Duâ, kalbde tasavvur edilir, dilde ikrar gündeme gelir, hâl ile gereğini yapılmasına çalışılır ve bütün bunlar için yegâne Rabb Allah’dan yardım dilenir... Allah Teâlâ’nın yaratması, dilemesi ve yardımı olmadan hiçbir şey gerçekleşmez!..
Âlemlerin Rabbi Allah’dan, dünyada ve âhirette hasene isteyip cehennem ateşinden korunmayı dileyen mü’min müslümanlar, duânın şartına riâyet etmekle mükelleftirler... Kendilerinden istenen kulluğu, emrolundukları şekilde yerine getirenler, en güzel karşılıkla karşılanırlar...
 Dünyada ve âhirette iyilik isteyip, “Rabbimiz, bizi ateşin, yani cehennem azabından koru” diye duâ eden katıksız iman sahibi muvahhid bir müslüman, kendisine emredilen vazifesini yerine getirmelidir... O, vazifesini yapmalıdır ki, karşılığını bulabilsin...
 İşte vazifesi:
 “Ey iman edenler, kendinizi ve yakınlarınızı ateşten koruyun ki, onun yakıtı insanlar ve taşlardır. Üzerinde oldukça sert, güçlü melekler vardır. Allah, kendilerine neyi emretmişse, ona isyan etmezler ve emredildiklerini yerine getirirler.”19
 Prof. Dr. Vehbe Zuhaylî, “Tefsirû’l Münir” adlı eserinde şunları kaydetmiştir:
 “Yani, ey Allah’ı ve Peygamberini tasdik edenler, kendinizi terbiye edin, ateşten korunacak tedbirler alın. Allah’ın emrettiklerini yapmak, yasakladıklarını yapmamak sûretiyle bu tedbirleri gerçekleştirin. Aile efradınızı eğitin, onlara Allah’a itaat etmelerini emredin, O’na karşı isyan sayılacak şeyleri onlara yasaklayın. Onlara nasihat edin, terbiye edin ki, normal ateşin odunla tutuşturulması gibi, insanlarla ve taşlarla tutuşturulan o korkunç ateşe girmeyesiniz.”20
Rabbimiz Allah, bu konuda şöyle buyurur:
 “En yakın hısımlarını uyar!”21
 “Ehline namazı emret ve onda kararlı davran.”22
“Ateşten korumayı istemek, haramlardan kaçınmak, şübheli şeylerden uzaklaşmak gibi daha dünyada gerçekleştirilmesi gereken sebebleri de içine alır. O hâlde ‘bizi ateşin azabından koru’ diye duâ eden bir kimse, aynı zamanda dünyada iken haramlardan kaçınma konusunda Allah’a duâ etmiş olur.”23
Her şeyden önce insanı ebedî cehennem ateşine müstahak eden, en büyük günah olan şirk ve küfürden korunmalı, sonra yine ateşi hak eden diğer haram olan şeylerden uzak durulması gerekir… Kadın olsun, erkek olsun, her mü’min müslümanın bunlara dikkat etmesi, üzerlerindeki kulluk görevlerindendir...

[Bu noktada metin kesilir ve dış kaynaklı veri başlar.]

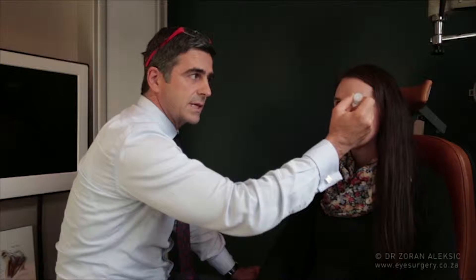It's very important when we apply the drop that we ask the patient to look up. You can use both hands, or you can use one hand — with the little finger of my right hand I'm pressing on the lower lid, creating a larger inferior fornix and applying one drop into the fornix.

 Dünya hayatında, Allah’dan hasene, yani iyilik isteyen, katıksız iman sahibi, salih ameller işleyen, takvalı olmaya çalışan, haramlardan kaçınma helâl olan şeylerle hayatını devam ettiren birisi olmalıdır... Böyle olunca ve böyle olan sadıklarla beraberliğini devam ettirince, dünyada istediği iyiliğe kavuşması, Rabbi Allah’ın ona bir lütfu ve bir rahmeti gereği olarak gerçekleşir...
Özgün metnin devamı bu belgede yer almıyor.